É preciso dizer – e o Poder Judiciário faz isso neste voto – à ré e aos demais envolvidos no campo da educação e no âmbito do colégio: RIDICULARIZAR UM ALUNO NA FRENTE DOS DEMAIS NÃO É SINAL DE CARINHO! NUNCA FOI E NUNCA SERÁ!”.
Ainda, para o TJ/SP, “a situação demonstrou que a ré desconhecia suas obrigações legais. Cabia à escola ré buscar, se necessário, consultoria especializada, para cuidar, de um lado, da autora (vítima da prática sistemática de intimação e ridicularização) e, de outro, dos demais alunos (autores do bullying)”.
O TJ/SP chegou ao ponto de dizer que tivesse a escola minimamente feito uma breve pesquisa na internet, já se depararia com alguns artigos sobre o assunto, tendo citado, como exemplo, dois artigos resultantes da busca feita pelo próprio desembargador relator.

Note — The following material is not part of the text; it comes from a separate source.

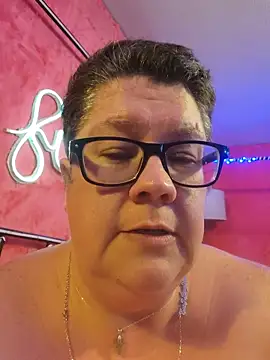 Snapshot of violentviolet68 chatting on 11, 6, 2026 violentviolet68 online show from 11, 6, 2026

Para os julgadores faltou não só conhecimento técnico relativo à própria atuação na escola, como correto juízo de valor sobre um bem protegido pela Constituição Federal.
Os julgadores finalizaram o inconformismo com a seguinte mensagem:
“Lamenta-se que, no lugar de solucionar o problema do bullying, a ré tenha optado por litigar de má-fé. No lugar de adotar providências para conscientização dos alunos sobre a importância do respeito, da solidariedade e do respeito aos direitos fundamentais dos demais alunos – em especial da autora – a ré tenha optado por se omitir.
A autora merecia um pedido solene de desculpas de todos envolvidos no lamentável episódio!”
Mantiveram a condenação da escola em R$ 30 mil reais e ainda disseram que a autora merecia mais, porém, como não recorreu, não poderiam aumentar.
Uma vez mais, é o Judiciário buscando não só coibir a terrível prática, mas educar os envolvidos, principalmente as escolas que figuram em posição de liderança e detentoras do poder-dever de adotar providências enérgicas e efetivas.